This run was always going to be a bit hit and miss, booking two half marathons only 7 days apart and then going light on the training regime is only going to end in a world of pain.

In my mind I thought it would be interesting to see just how much pain would actually be involved - I was beginning to see it as an experiment in muscle damage.

Three days after the Great North Run I was still hobbling up the stairs and trying to recapture my youth sliding down the the bannisters. By Friday though I was able to move around without squealing and began to think this race might be a possibility afterall.

I arrived in Hyde Park to welcome a glorious autumnal morning and the classiest event set up I’ve ever witnessed. There was a farmers market in the event village complete with a wet fish stall and fresh bread counter. Someone tried to hand me a free sample of curry sauce and I was seriously tempted to quit the race and enjoy the grub.

Still unsure of my strategy for this event I propped myself against a tree and started reading through some outstanding blog posts. Speedracer happened to be deciding her strategy for running a marathon on an injured foot but as ever, her approach was gonna prove just a little too hardcore for me. Crippling yourself for two weeks is a step too far in my book, laying myself off work for a couple of days however, sounds much more like my cuppa tea. I did agree that hitting the finish line in 5 hours was going to be a waste of time though, I wouldn’t mind running over the line in 3:30 but if I had to walk, I wasn’t going to be interested.

I started running to Amy MacDonald and finally hit on the perfect motto for the event “I will run until my feet no longer run no more”.

Sorted!

It was a beautiful route, any event that forces street closures through central London has got to score brownie points. There is simply no better place to run. I was a bit worried to note that the route left the streets and headed into Hyde Park at mile 6 though. 7.1 miles looping around Hyde park was going to be a challenge.

At mile 3 my thighs started screaming in a mile 10 sort of fashion. This was going to be some battle of wills. I ran past 3 tube stations and tapped my pocket each time just to confirm that my emergency “get me out of here” oyster card was handy, but ran on regardless.

My energy was sapped at Hyde park, knowing I had more than 10k to go on familiar ground. Spectators and general park goers were getting fed up of the spectacle and started ignoring the fact that a race was in progress. I had to duck and dive through crowds and hop over extender leads as dog owners gave their stoopid poodles full reign.
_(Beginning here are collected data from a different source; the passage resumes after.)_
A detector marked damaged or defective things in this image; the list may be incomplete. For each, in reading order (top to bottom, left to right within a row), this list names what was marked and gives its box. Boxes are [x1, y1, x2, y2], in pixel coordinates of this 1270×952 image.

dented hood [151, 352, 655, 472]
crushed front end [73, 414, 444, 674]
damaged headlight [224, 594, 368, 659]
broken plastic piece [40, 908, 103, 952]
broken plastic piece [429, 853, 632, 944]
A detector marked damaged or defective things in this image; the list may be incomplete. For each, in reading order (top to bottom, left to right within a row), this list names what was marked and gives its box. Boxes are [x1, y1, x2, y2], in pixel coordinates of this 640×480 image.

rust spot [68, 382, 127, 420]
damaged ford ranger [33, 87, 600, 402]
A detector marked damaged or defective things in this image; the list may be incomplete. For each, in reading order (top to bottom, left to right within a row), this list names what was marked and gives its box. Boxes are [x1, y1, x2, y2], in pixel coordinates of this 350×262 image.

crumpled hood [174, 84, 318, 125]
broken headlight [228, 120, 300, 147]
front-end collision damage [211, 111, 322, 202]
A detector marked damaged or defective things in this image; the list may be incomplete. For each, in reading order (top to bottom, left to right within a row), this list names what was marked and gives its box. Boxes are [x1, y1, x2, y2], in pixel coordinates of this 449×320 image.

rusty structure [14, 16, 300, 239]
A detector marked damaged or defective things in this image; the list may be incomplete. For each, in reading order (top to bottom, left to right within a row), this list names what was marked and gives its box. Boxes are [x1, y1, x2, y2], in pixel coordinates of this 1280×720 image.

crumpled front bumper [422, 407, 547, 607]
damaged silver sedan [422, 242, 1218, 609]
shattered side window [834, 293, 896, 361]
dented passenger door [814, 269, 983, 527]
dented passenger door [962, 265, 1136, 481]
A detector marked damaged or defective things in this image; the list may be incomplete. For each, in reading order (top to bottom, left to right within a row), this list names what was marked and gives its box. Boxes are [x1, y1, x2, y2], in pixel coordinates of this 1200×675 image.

There were 12500 runners in this event, almost a quarter that of the Great North, as a result, slow runners were a bit thin on the ground. In fact I seemed to be surrounded by those goddamn walkers. Run/walkers and just plain ole walkers. They were overtaking me on the hills again and was I being driven nuts.

At the 10th mile I actually stopped to walk just to see if perhaps it would be quicker that way, but no, I was even slower. At 11 miles something happened with my legs and the running got so slow I couldn’t even claim to be moving forward anymore, the garmin showed the damage - I’d lost a 6 minute advantage in the last 2 miles and my pace was well over 15 min miles. I walked off the edge and promptly threw up in the hedges.

Garmin stopped and I quit. My first DNF.

Royal Parks Almost Half

All I had left to do was join the dots.

I’m not too bothered by the failure, I wanted to see the affect on my body and I also wanted to know if I could persuade OGB and Tanya to substitute this event for GNR next year. It will be considerably cheaper.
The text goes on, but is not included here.